Botanical University Challenge was dreamt up in 2016 by Dr Jon Mitchley (University of Reading) and Professor John Warren (University of Aberystwyth) to celebrate the plants in plant science. Anyone who has talked about biology with school children knows that most think plants are boring. This contrasts with the adult science world where plants are anything but boring. Once at university, some students change their opinion and embrace the challenges of plant science. Botanical University Challenge is an opportunity for students interested in plants meet up and show off their knowledge and interest.
The Institute of Integrative Biology at University of Liverpool researches fundamental and applied biology and over ten of the seventy-five research groups work with plants. National and international funders support their research in areas ranging from fundamental processes like photosynthesis, cell physiology, disease and taxonomy to agriculture and effects of climate change.
The University of Liverpool was therefore pleased to host the third Botanical University Challenge on 19 February 2020. The amount of organisation behind the two and a half hour event was substantial. Outside the university and away from the students, Professor John Warren led the task of getting the questions together. These involved words, pictures and, for the first time, real plant material. Devising a balanced set of questions with short answers for each round was a challenge in itself.
The venue was the University of Liverpool’s Botanic Gardens at Ness on the Wirral peninsular. Several staff at the garden were key to arrangements as well as providing plant material for some of the questions, particularly Jen Lemon-Parkins and Tim Baxter. Staff and students from the School of Life Sciences and Institute of Integrative Biology at University of Liverpool, notably Drs Raj Whitlock, Peter Walley and James Hartwell, were involved with planning. On the day Dr Christoph Hahn and undergraduates Tracey Houghton and Roberta Brewster were essential for organising the teams and making the event run smoothly.
There were a record seven university teams in the competition – Edge Hill, Lancaster, Liverpool, Manchester, Manchester Metropolitan, Reading and York. In addition, the Botanical Society of Britain and Ireland supported the event, especially publicising it through a network of local societies. The result was a comfortably full lecture theatre on a wet Wednesday afternoon to enjoy the teams demonstrating their knowledge and quick wits.

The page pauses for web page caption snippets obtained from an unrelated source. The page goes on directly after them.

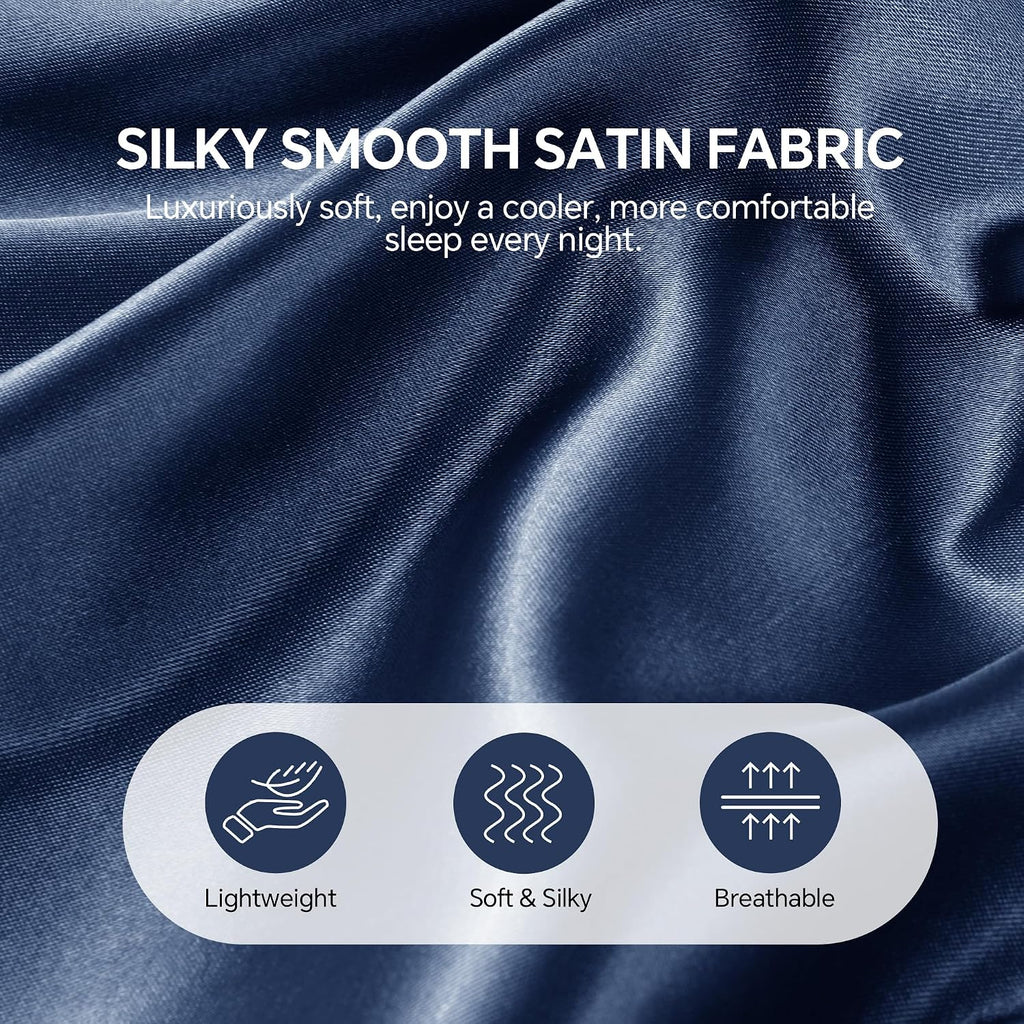 HOMBYS 2 Pack Satin Cervical Pillowcases (Only Pillowcase), Silky Butterfly-Shaped Contour Pillow Cover Cervical Neck Pillow Case with Zipper for Side Back Stomach Sleepers (Navy Blue, Queen Size)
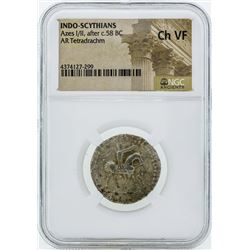 58 BC Indo Scythians Azes I/II AR Tetradrachm Coin NGC Ch VF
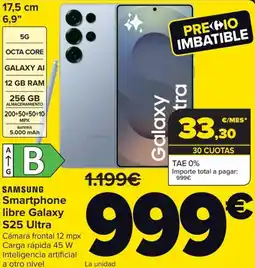Carrefour SAMSUNG Smartphone libre Galaxy S25 Ultra oferta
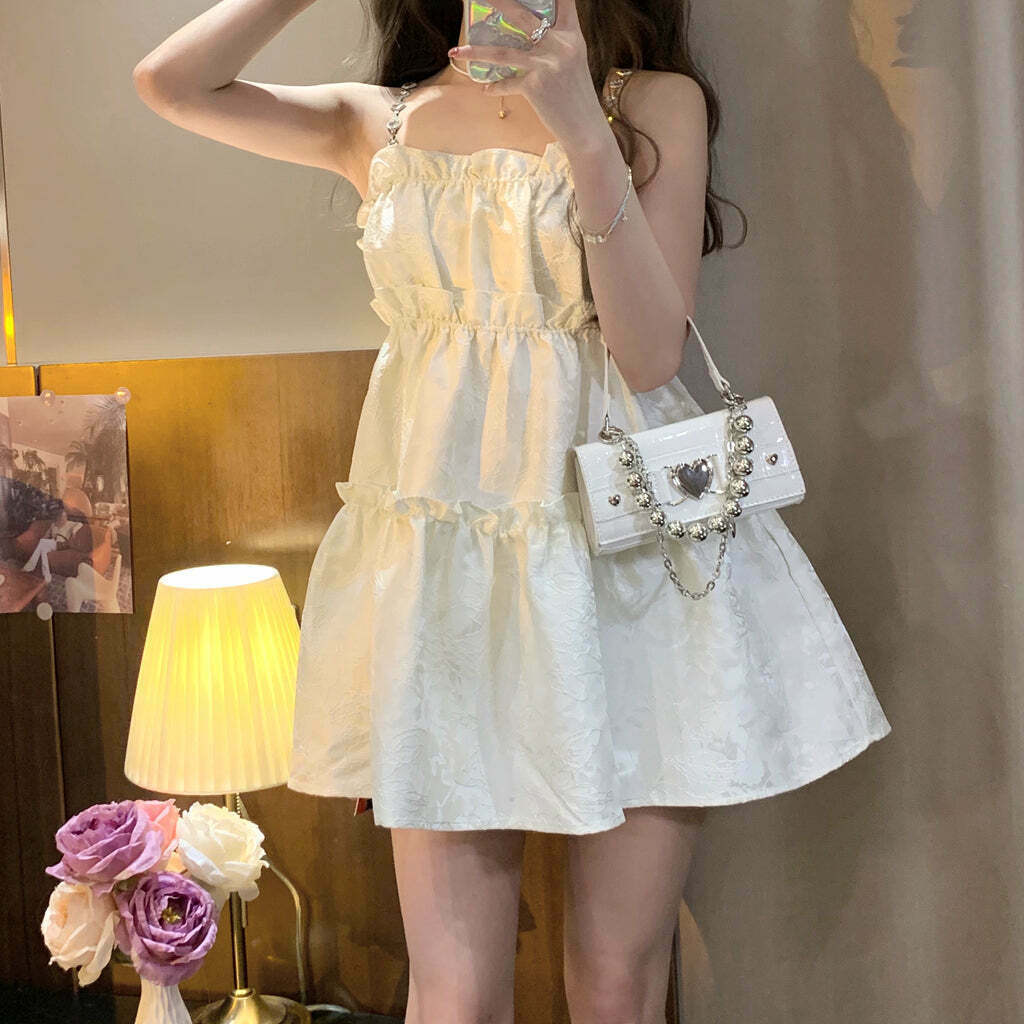 Gen Z K-POP Jacquard Ruffle Puffy Sling Dress for Y2K Streetwear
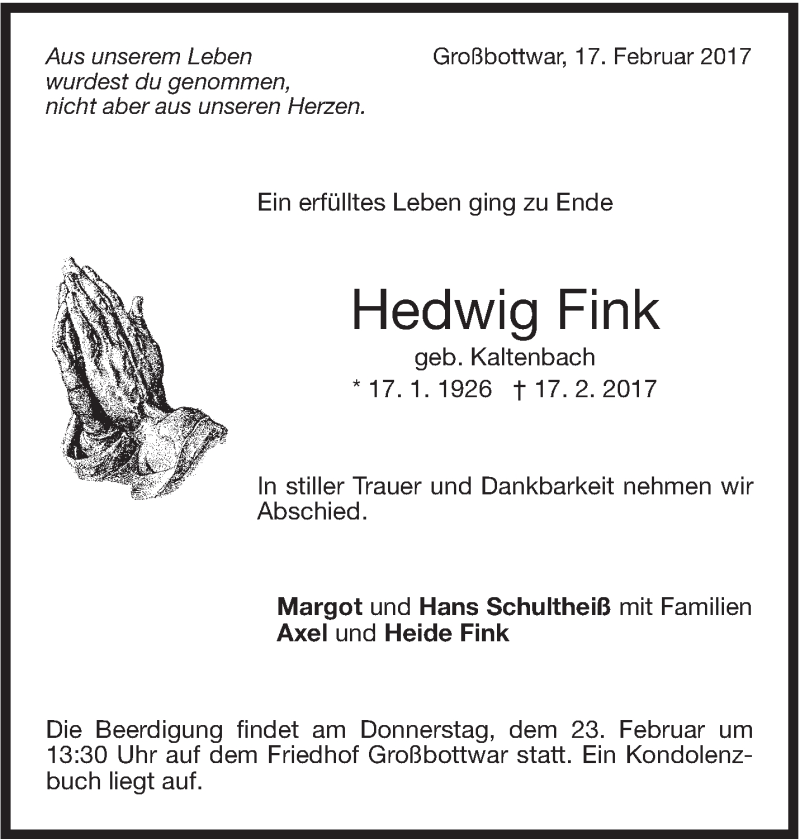  Traueranzeige für Hedwig Fink vom 20.02.2017 aus Marbacher Zeitung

The questions ranged from the deceptively simple (What is the name of the plant or molecule in this picture?) to the more difficult (During photosynthesis where does the evolved oxygen come from?). Recalling information is definitely more difficult while being stared at by an audience but the quizmaster Emeritus Professor Alan McCarthy kept the teams answering with a mixture of charm and authority. Both reaction times for pressing a buzzer and knowledge were tested during the afternoon, and a coffee-break after the initial preliminary rounds was essential. Several of the teams were competing for the first time, but were not daunted even though the University of Reading team won (again), with University of Liverpool the runner-up (again).
Comments from the audience showed how much they enjoyed the event, and how impressed they were by the students.
Plans for Botanical University Challenge 2021 have started, with the venue again likely to be in northern England.